### Goal of the exercise
Write the records out again without change. Leave the pictures behind.

### Pictures with short captions

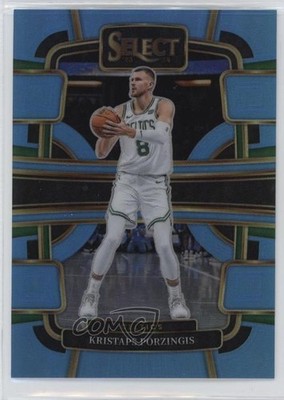 2023 Panini Select Concourse Light Blue Prizm 3/299 Kristaps Porzingis #62 13bp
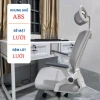 Ghế công thái học Fujiko 401 xoay 360°, tựa lưng & đầu đa màu - 749.000đ 2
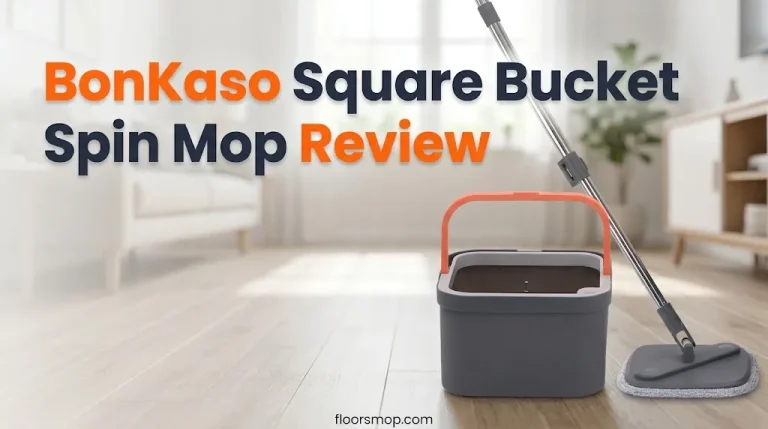 BonKaso Square Bucket Spin Mop Review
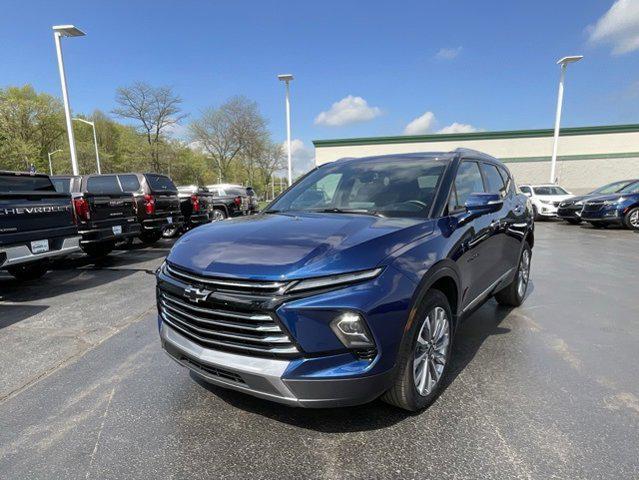 used 2023 Chevrolet Blazer car, priced at $39,980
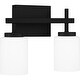 preview thumbnail 11 of 11, Wilburn 2-Light Bathroom Vanity Light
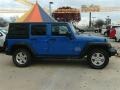 2011 Cosmos Blue Jeep Wrangler Unlimited Mojave 4x4  photo #3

### The answer
 2023 Panini Select Concourse Light Blue Prizm 3/299 Kristaps Porzingis #62 13bp
 Ghế công thái học Fujiko 401 xoay 360°, tựa lưng & đầu đa màu - 749.000đ 2
 BonKaso Square Bucket Spin Mop Review
 used 2023 Chevrolet Blazer car, priced at $39,980
 preview thumbnail 11 of 11, Wilburn 2-Light Bathroom Vanity Light
 2011 Cosmos Blue Jeep Wrangler Unlimited Mojave 4x4  photo #3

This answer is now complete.